RSA exercise with known $n$ and $e$

Question

Bob decides to use $n = 697 \rightarrow 17 × 41$ and $e = 33$ as his public key for an RSA cryptosystem.

1. Show that the decryption exponent is $97$.

2. Find the encrypted form of the message $17$.

Answer 1

Since you "have done a bit of work on this", it would be nice to actually show that "bit of work".

Anyway, here are three hints:

1. The exercise phrasing is actually wrong. $97$ is not "the" decryption exponent. It's only "a" decryption exponent, among a set of decryption exponents that match the public exponent $e = 33$. That set is infinite. $97$ is not even the smallest value in that set of solution; it is just the "traditional" solution. Another solution is $17$. In fact, all integers $17+80k$ for any $k\ge 0$ are "private exponents" that match $e = 33$ for modulus $n = 697$.
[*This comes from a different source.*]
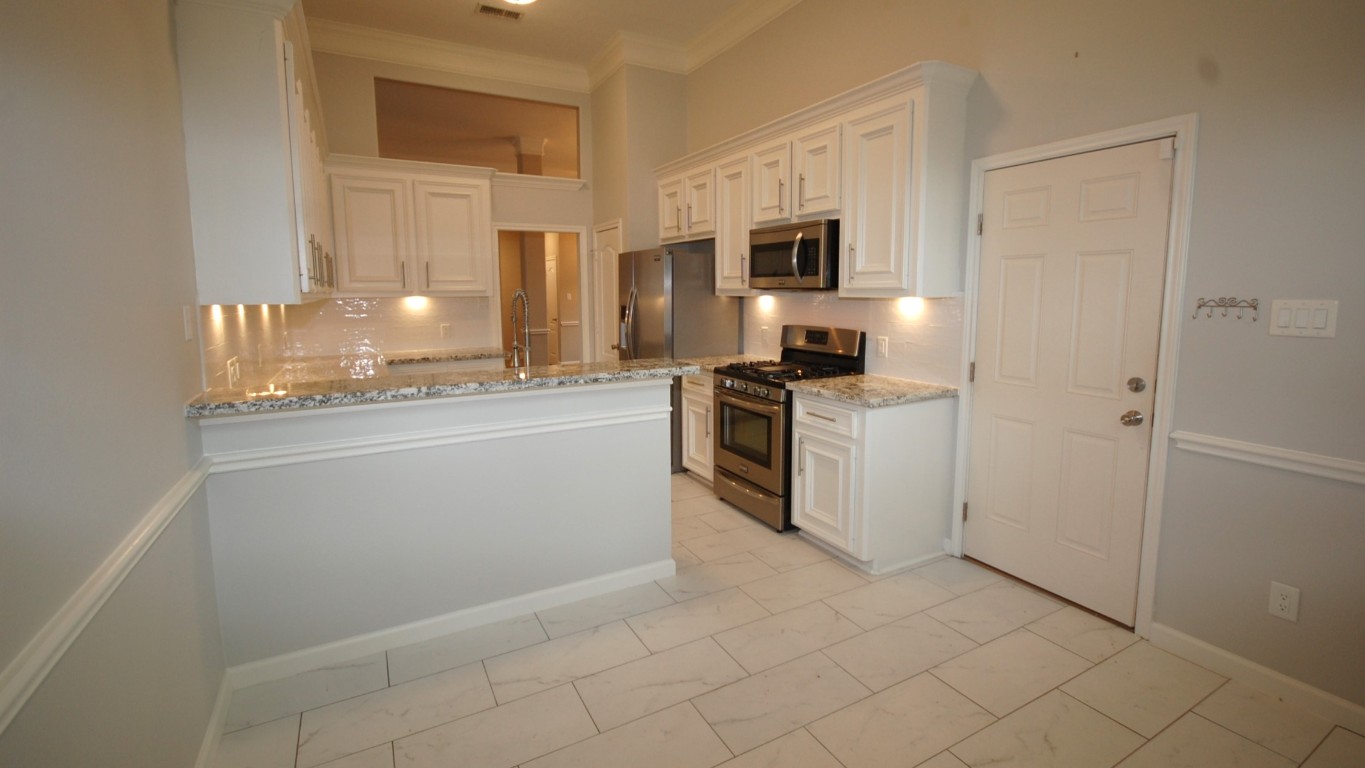 21818 Windsor Castle Drive Spring, TX 77388 - Photo 5 of 10 a kitchen with stainless steel appliances granite countertop a stove a sink and a refrigerator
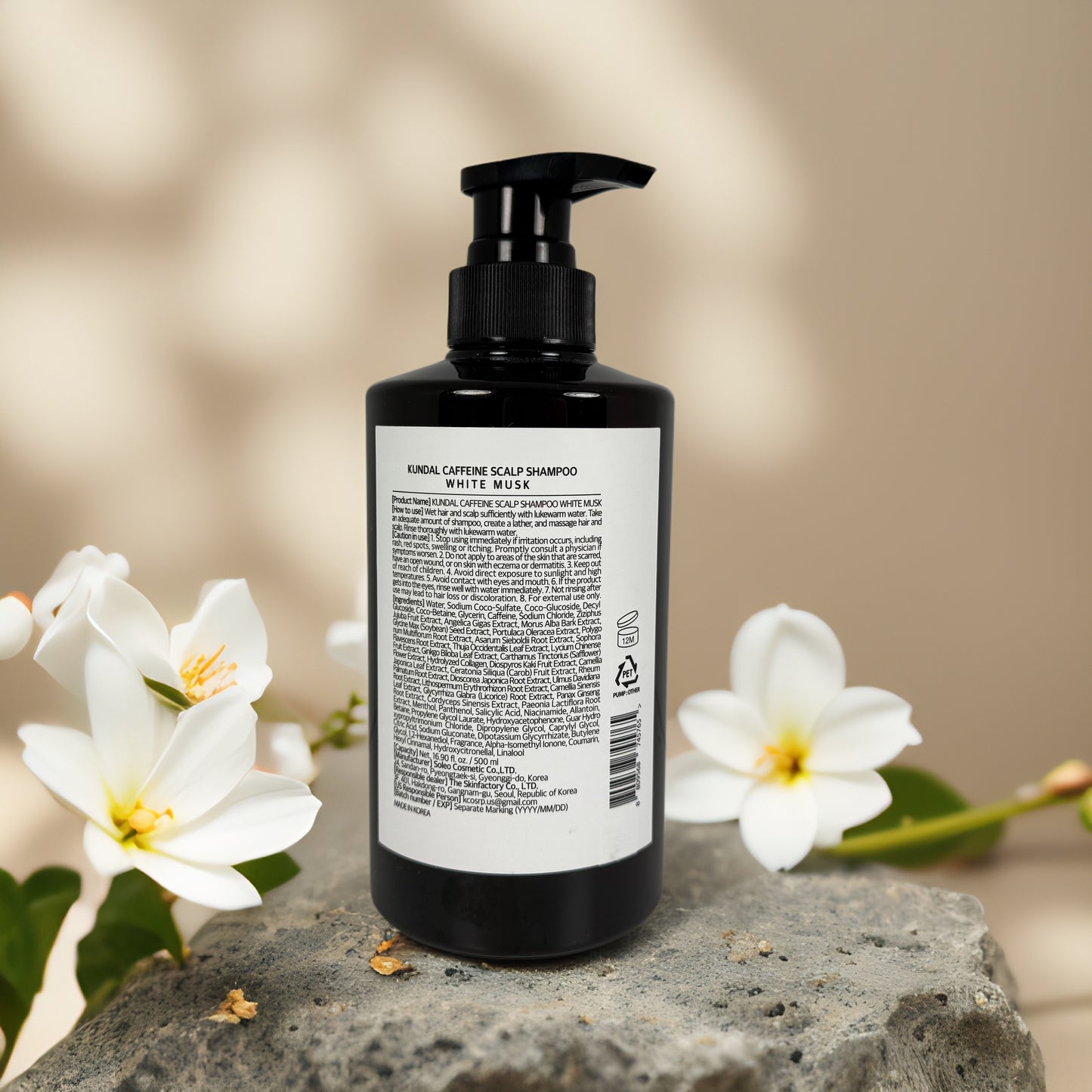 Deep Cleansing & pH Balancing | Caffeine Shampoo by KUNDAL – 16.9 fl oz bottle with floral background.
2. Everything in RSA can be done with the Chinese Remainder Theorem. In a nutshell, that theorem says that since $41$ and $17$ are prime to each other, all computations modulo $41\times 17 = 697$ are equivalent to computing things modulo $41$ and modulo $17$ in parallel. This means that you can split your problem of verifying that $97$ is a proper private exponent into two sub-problems: verifying that it works modulo $41$, and verifying that it works modulo $17$. The CRT really tells you that if it works modulo both, then it will work modulo their product $697$.

3. For the second question, use the CRT again.

With these hints, you can solve all of it with a pen-and-paper, or even doing the computations in your head (I know it's feasible, I just did).